▶ [Exercise data]
★ ★ ★

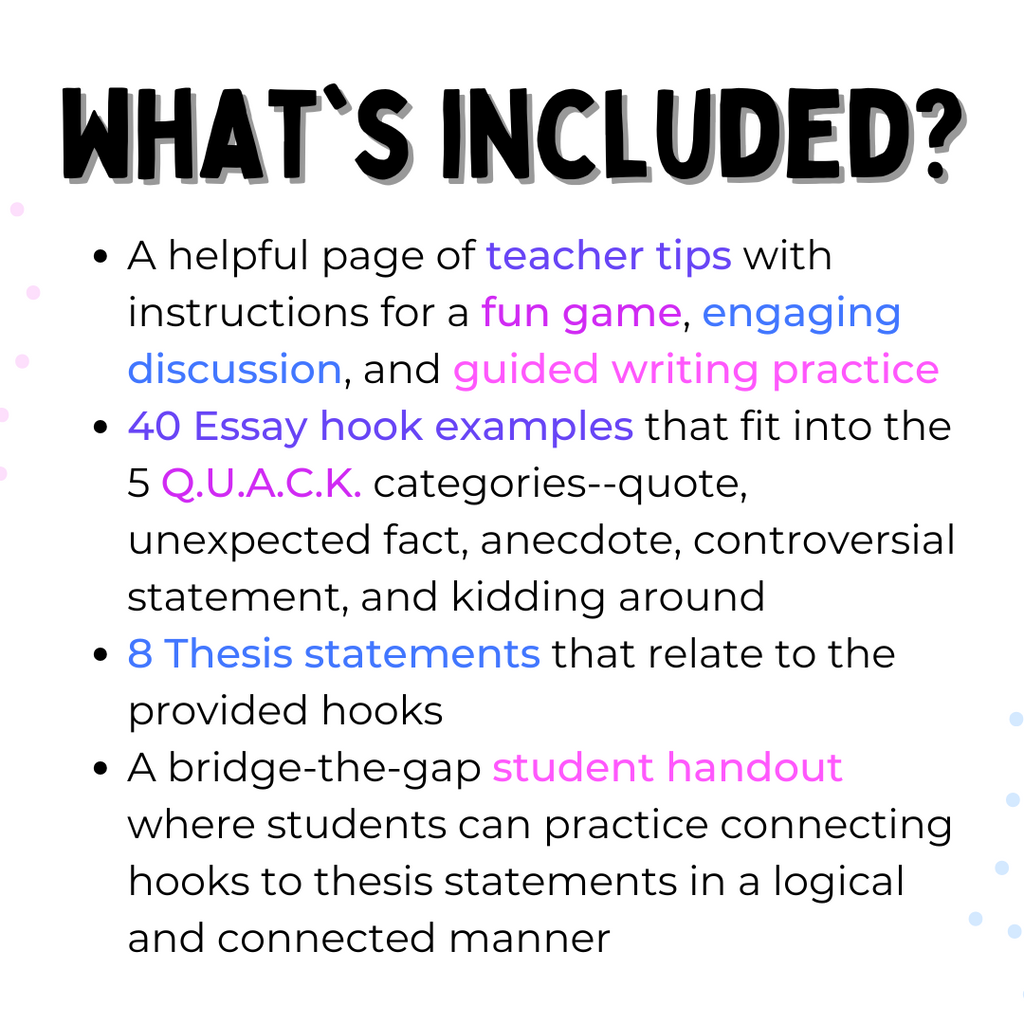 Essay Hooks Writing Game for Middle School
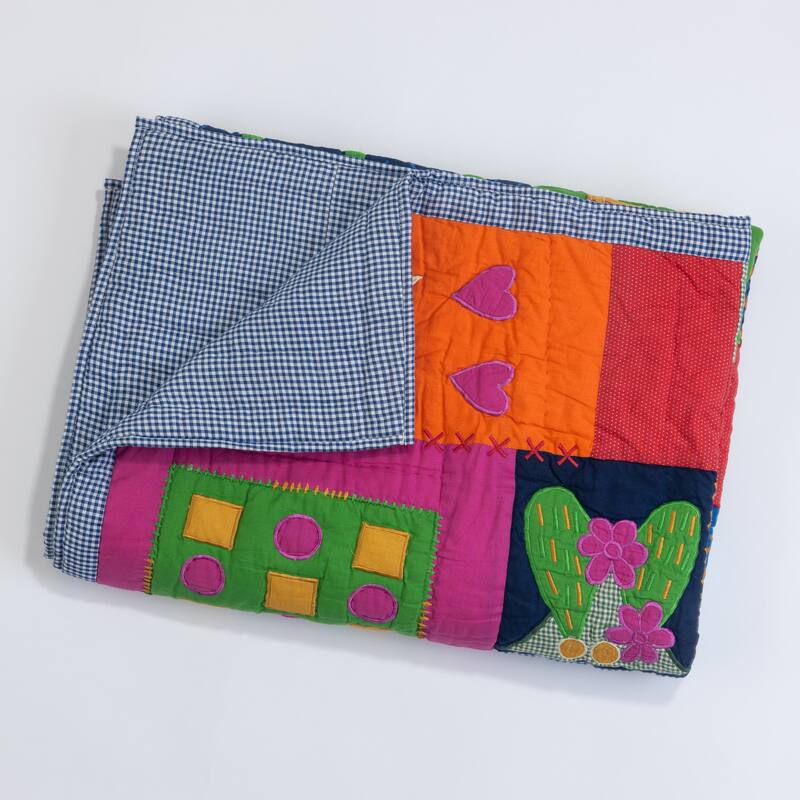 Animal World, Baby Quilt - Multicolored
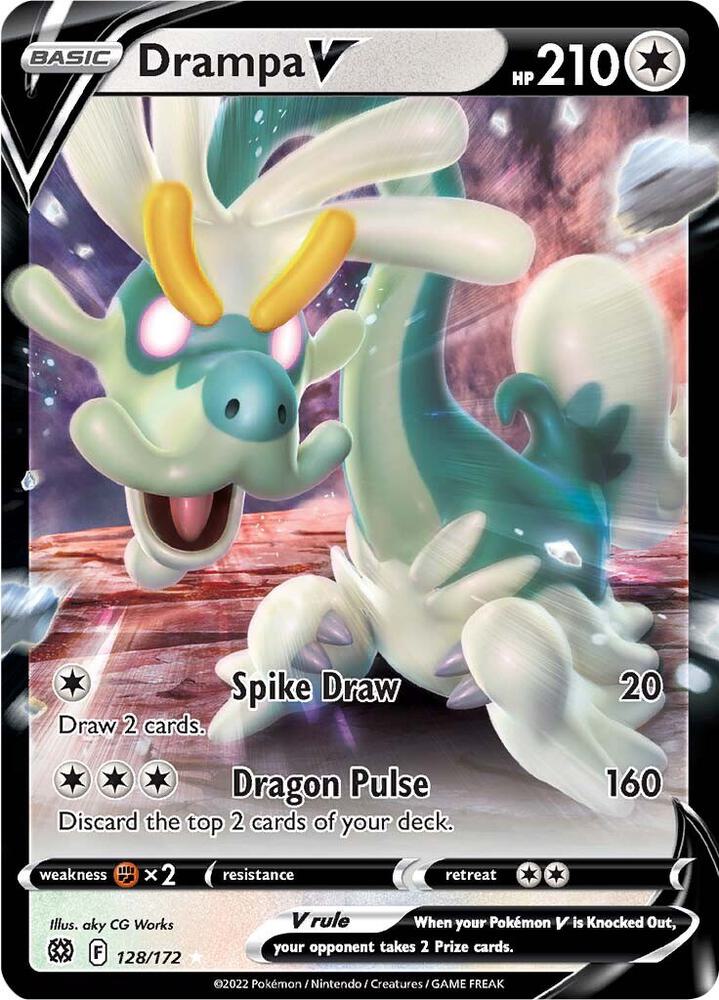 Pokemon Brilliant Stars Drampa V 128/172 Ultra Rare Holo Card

★ ★ ★

Only the lines from the one containing "Animal World, Baby Quilt - Multicolored" through the final line of the data are to be written out, exactly as they stand and without pictures.

 Animal World, Baby Quilt - Multicolored
 Pokemon Brilliant Stars Drampa V 128/172 Ultra Rare Holo Card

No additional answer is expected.